After an offseason of will-they-or-won’t-they drama, Aaron Rodgers returned to the Green Bay Packers. Thus far, the reunion has benefited both parties. The Packers have a league-best 12-3 record, and it’s hard to think of a better Super Bowl-contending squad Rodgers could play for.
By sticking together, Rodgers and the front office crafted a beautiful regular season and made some history along the way. On Christmas Day at Lambeau Field, Rodgers became the Green Bay Packers’ all-time passing touchdown leader, breaking Brett Favre‘s previous record of 442. After failing to connect with Allen Lazard late in a narrow victory over the Baltimore Ravens, the talk of the week was who would catch the record-breaking pass on Christmas. It turns out it would be Lazard, just a week later.
“My reaction was just like, ‘Oh shit, I caught it,’” Lazard said following the game.
“To throw 443 on double-stick, one of the first concepts I learned as a rookie in this offense, is pretty cool,” Rodgers noted following the Christmas victory over the Cleveland Browns. “I’ve had a long career, and to break a record like that on a simple play like that, a staple of the West Coast offense, is pretty cool.”
After 17 years in Green Bay, Rodgers has had several milestone moments.
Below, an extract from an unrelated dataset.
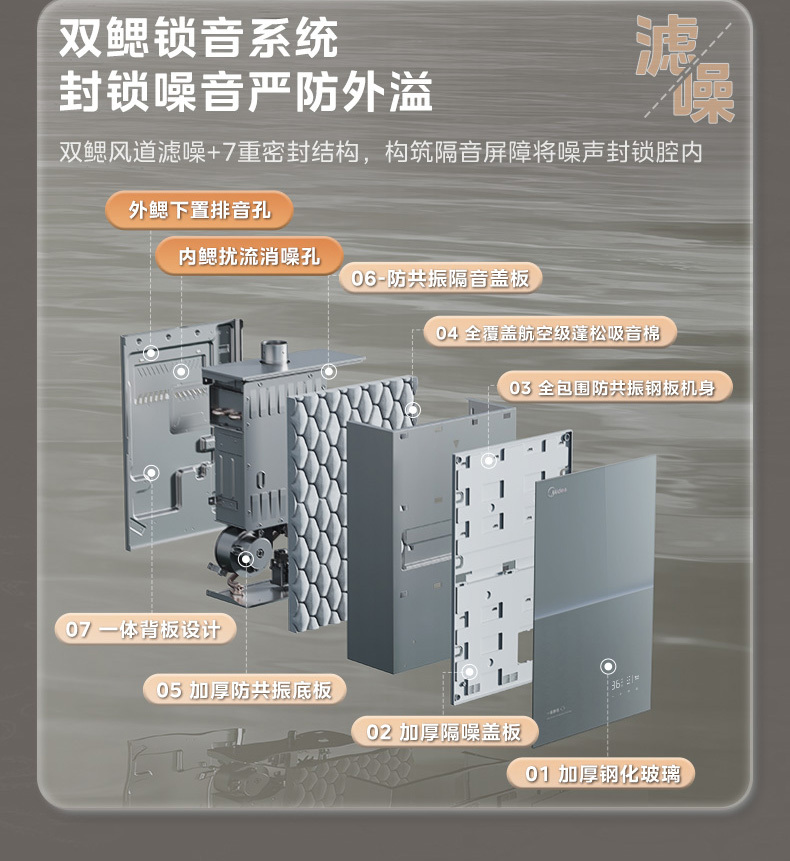 产品详情介绍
With help from the Milwaukee Journal Sentinel, let’s take a look at the journey to 443 (and beyond!).
First TD, Nov. 29, 2007 – Greg Jennings
Favre was known for his legendary grit and resilience. His record of 297 consecutive starts may never be broken. But no man, no matter how tenacious, can play forever. Favre was injured in a late-season tilt against the Dallas Cowboys, and the Packers got their first true meaningful snaps from his successor.
Rodgers entered the game and started his journey to 443 with an 11-yard pass to Greg Jennings. Despite the team’s loss, he played well, going 18/26 for 201 yards and the TD. Rodgers would have to wait until taking over the team in 2008 for his next touchdown.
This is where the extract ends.